▶ _WHAT IS REQUIRED_: Look down the entries below and report how many lines hold the string "Gold"; write nothing else.
___ RECORDS FOR THIS TASK ___
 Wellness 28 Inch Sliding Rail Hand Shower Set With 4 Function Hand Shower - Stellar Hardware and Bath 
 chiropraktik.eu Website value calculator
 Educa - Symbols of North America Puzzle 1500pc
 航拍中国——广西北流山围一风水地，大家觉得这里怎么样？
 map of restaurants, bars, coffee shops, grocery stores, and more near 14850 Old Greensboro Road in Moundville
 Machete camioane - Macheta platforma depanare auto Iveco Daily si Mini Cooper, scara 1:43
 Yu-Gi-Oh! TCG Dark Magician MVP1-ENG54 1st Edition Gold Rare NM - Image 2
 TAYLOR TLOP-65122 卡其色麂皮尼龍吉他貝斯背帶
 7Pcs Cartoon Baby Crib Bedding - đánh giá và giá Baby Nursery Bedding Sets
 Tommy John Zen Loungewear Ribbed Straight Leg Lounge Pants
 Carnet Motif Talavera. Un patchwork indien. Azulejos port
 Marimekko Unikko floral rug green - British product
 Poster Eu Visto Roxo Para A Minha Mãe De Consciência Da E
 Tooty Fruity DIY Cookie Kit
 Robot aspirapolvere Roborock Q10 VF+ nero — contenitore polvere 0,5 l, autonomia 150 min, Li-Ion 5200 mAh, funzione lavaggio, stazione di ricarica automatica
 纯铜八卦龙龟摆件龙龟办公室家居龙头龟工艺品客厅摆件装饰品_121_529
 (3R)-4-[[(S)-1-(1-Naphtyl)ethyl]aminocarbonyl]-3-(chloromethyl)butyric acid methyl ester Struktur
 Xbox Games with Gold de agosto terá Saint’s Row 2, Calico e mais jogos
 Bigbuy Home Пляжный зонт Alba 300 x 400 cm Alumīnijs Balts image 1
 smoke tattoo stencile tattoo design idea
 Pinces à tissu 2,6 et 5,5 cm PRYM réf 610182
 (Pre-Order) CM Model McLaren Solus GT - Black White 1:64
___
▶ _RESPONSE TO THIS EXERCISE_: 2